━━━ Input data ━━━
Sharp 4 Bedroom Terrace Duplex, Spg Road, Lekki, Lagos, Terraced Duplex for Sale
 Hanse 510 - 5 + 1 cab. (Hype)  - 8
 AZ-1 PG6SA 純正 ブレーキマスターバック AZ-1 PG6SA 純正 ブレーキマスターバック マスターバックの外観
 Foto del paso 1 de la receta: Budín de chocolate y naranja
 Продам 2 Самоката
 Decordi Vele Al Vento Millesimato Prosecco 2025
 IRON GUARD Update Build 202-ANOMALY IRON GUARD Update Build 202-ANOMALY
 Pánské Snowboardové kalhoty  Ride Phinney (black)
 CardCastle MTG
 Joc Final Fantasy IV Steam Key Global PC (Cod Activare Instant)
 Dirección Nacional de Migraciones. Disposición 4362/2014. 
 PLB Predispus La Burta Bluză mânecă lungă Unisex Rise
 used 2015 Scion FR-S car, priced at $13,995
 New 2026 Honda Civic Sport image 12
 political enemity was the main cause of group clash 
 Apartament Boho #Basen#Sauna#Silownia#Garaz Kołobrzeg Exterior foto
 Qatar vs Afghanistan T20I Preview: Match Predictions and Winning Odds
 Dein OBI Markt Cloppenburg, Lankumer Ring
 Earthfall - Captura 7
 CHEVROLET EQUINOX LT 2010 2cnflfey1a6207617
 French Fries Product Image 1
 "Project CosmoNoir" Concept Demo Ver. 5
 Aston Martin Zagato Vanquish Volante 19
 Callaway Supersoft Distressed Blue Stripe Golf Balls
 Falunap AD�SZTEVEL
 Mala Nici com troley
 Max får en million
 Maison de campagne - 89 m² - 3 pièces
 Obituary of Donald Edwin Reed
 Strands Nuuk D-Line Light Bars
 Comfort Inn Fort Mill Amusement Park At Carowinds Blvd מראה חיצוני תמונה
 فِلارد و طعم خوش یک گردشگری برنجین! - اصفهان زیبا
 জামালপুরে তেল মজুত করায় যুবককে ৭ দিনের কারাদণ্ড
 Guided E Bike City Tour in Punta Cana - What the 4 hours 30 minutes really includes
━━━
- [Problem details] Starting at the line that contains "Foto del paso", copy each line exactly through the end of the listing above. Include that first line and the last one, and add nothing.

- [Answer to this exercise]
 Foto del paso 1 de la receta: Budín de chocolate y naranja
 Продам 2 Самоката
 Decordi Vele Al Vento Millesimato Prosecco 2025
 IRON GUARD Update Build 202-ANOMALY IRON GUARD Update Build 202-ANOMALY
 Pánské Snowboardové kalhoty  Ride Phinney (black)
 CardCastle MTG
 Joc Final Fantasy IV Steam Key Global PC (Cod Activare Instant)
 Dirección Nacional de Migraciones. Disposición 4362/2014. 
 PLB Predispus La Burta Bluză mânecă lungă Unisex Rise
 used 2015 Scion FR-S car, priced at $13,995
 New 2026 Honda Civic Sport image 12
 political enemity was the main cause of group clash 
 Apartament Boho #Basen#Sauna#Silownia#Garaz Kołobrzeg Exterior foto
 Qatar vs Afghanistan T20I Preview: Match Predictions and Winning Odds
 Dein OBI Markt Cloppenburg, Lankumer Ring
 Earthfall - Captura 7
 CHEVROLET EQUINOX LT 2010 2cnflfey1a6207617
 French Fries Product Image 1
 "Project CosmoNoir" Concept Demo Ver. 5
 Aston Martin Zagato Vanquish Volante 19
 Callaway Supersoft Distressed Blue Stripe Golf Balls
 Falunap AD�SZTEVEL
 Mala Nici com troley
 Max får en million
 Maison de campagne - 89 m² - 3 pièces
 Obituary of Donald Edwin Reed
 Strands Nuuk D-Line Light Bars
 Comfort Inn Fort Mill Amusement Park At Carowinds Blvd מראה חיצוני תמונה
 فِلارد و طعم خوش یک گردشگری برنجین! - اصفهان زیبا
 জামালপুরে তেল মজুত করায় যুবককে ৭ দিনের কারাদণ্ড
 Guided E Bike City Tour in Punta Cana - What the 4 hours 30 minutes really includes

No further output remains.